Along Cambodia’s coast, businessmen are cutting down protected mangrove forests, constructing fences in the water and filling them with dirt to extend the coastline for private development, officials said Wednesday.
On August 4 Prime Minister Hun Sen created a joint committee headed by the Environment Ministry to crack down on land-and-water grabbing in coastal areas of Kep, Sihanoukville, Kampot and Koh Kong province, Environment Minister Mok Mareth said.
He added that officials from the ministries of Interior, Defense, Agriculture and Land Management are collecting data and considering actions to intervene.
In addition to encroaching on coastal areas and clearing mangroves, some builders are staking the artificial land for sale.
“This can affect the environment,” Mok Mareth said. “We will confiscate it as the state’s property.”
Some areas have already been cleared and filled with dirt; if the process continues, the coast will be barren, he said.
Sihanoukville Municipal Cabinet Chief Sam Sam Ath said the municipality had not received a letter to create the committee, but added that action would be taken against land grabbers.

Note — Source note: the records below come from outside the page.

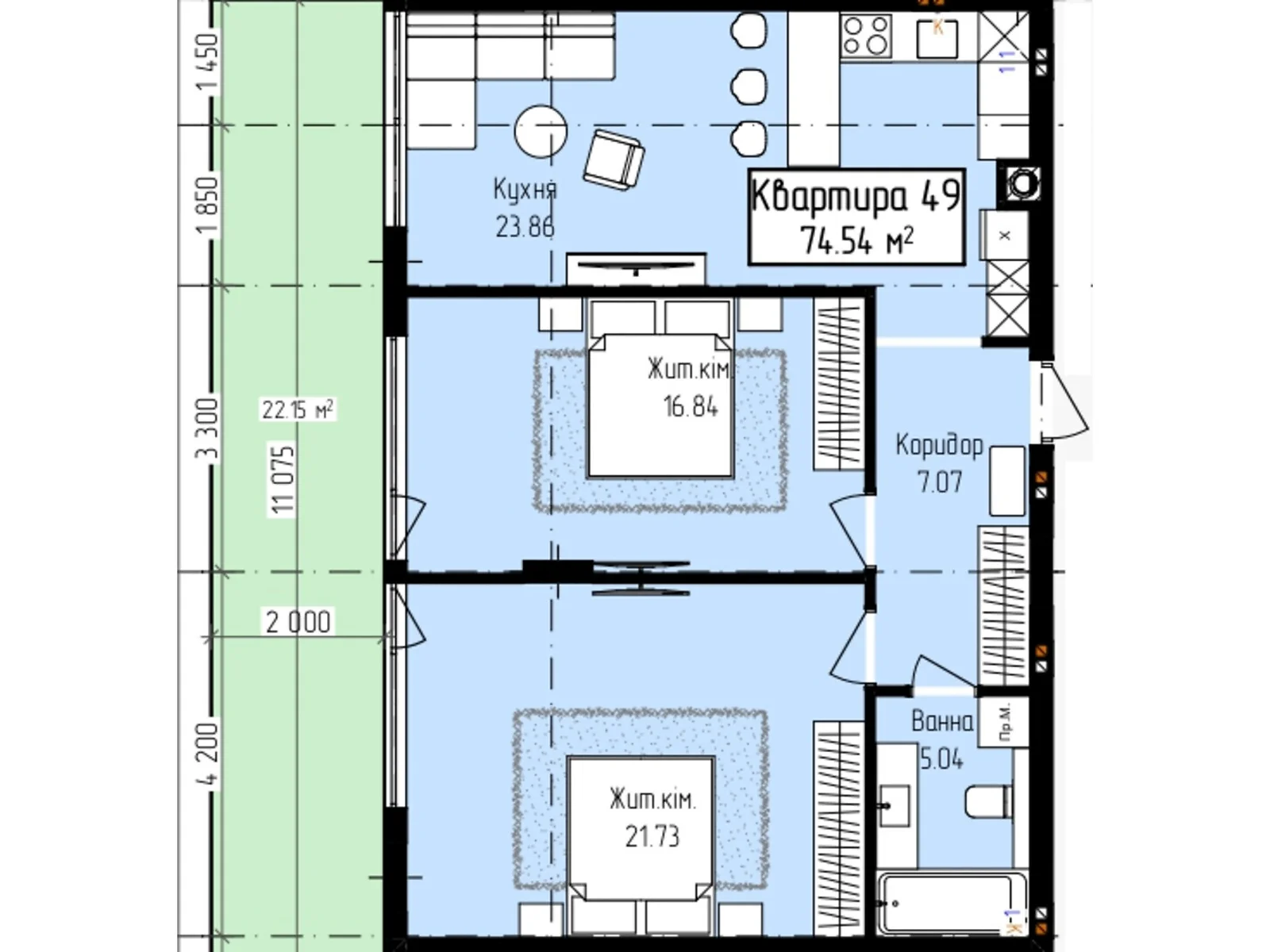 Продається 2-кімнатна квартира 74.54 кв. м у Ужгороді, вул. Собранецька, 137 - фото 1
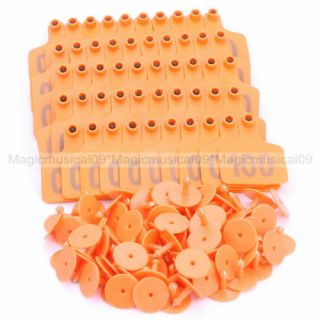 Cow Cattle Number Large Livestock Ear Tag With Orange Color Pack Of 100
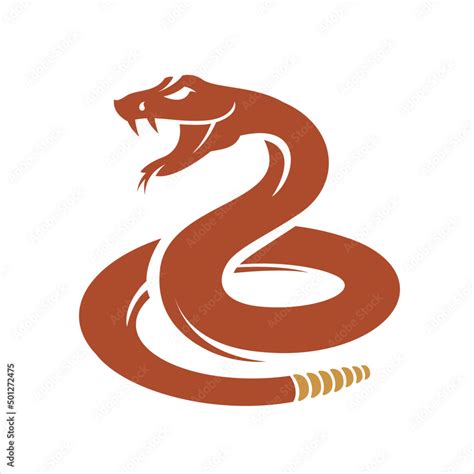 Rattlesnake icon vector illustration flat snake logo design Stock ...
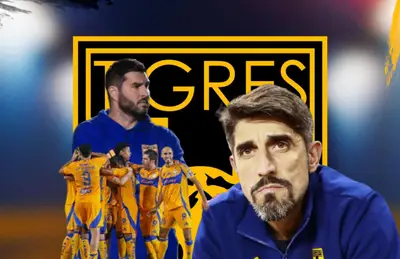 Veljko Paunovic, jugadores de Tigres y André Pierre Gignac/Foto Tigres.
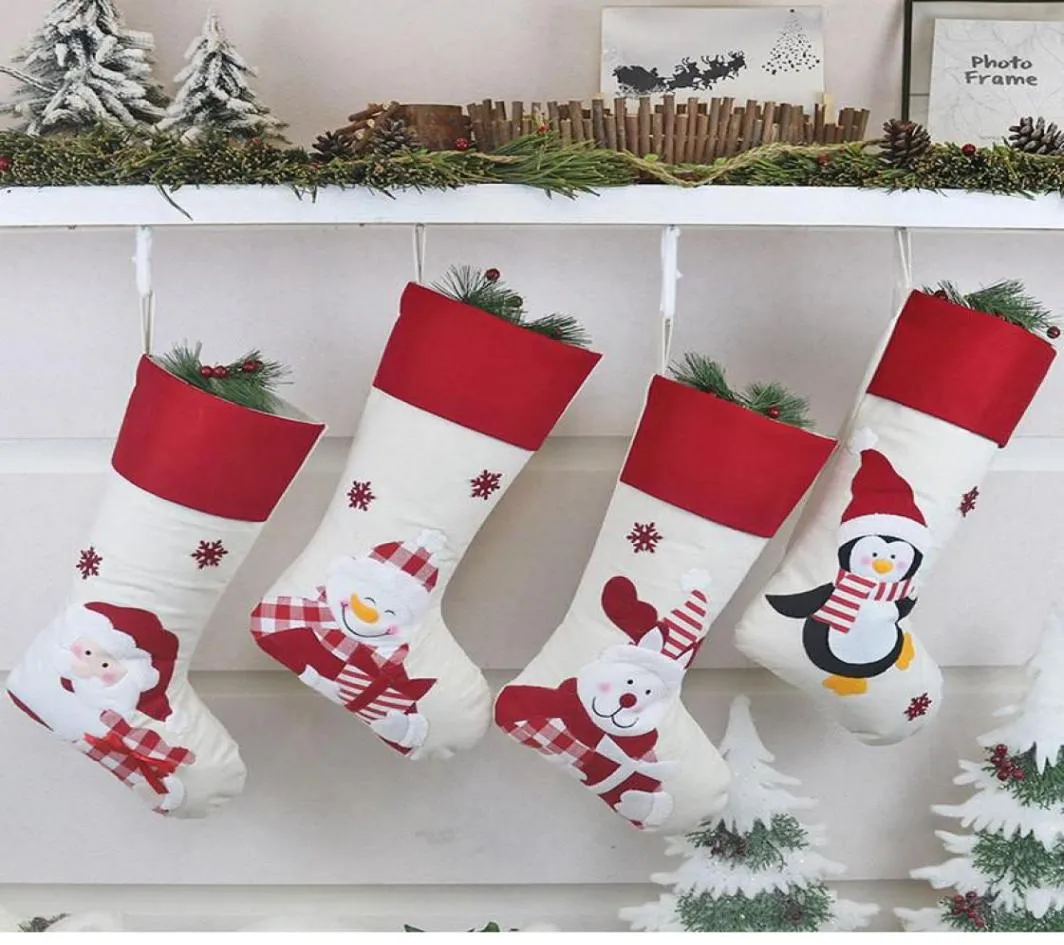 Christmas Stocking Candy Bag Creative Santa Claus Bags Cute Cartoon Snowman Elk Toy Xmas Tree Decoration3640999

Lab Bun Rithy, coordinator of the Kep municipality Coastal Resources Center, said that he had seen a number of coastline encroachments, including two currently under construction. He said that both artificial plots—one near the town and the other in a more remote area—were relatively small, and “it looks like they are going to build a house.
“According to the land law, [mangrove forests] should belong to the public,” Lab Bun Rithy said. “And they build into the sea, which also should belong to the public.”
Koh Kong Provincial Governor Yuth Phouthang said authorities had already prevented wealthy land grabbers from extending a dirt coastline in Smach Meanchey district’s Smach Meanchey commune.
“They have money, and they want to fill [the shallows] with dirt to make it a resort,” he said. “Now we’re very strict.”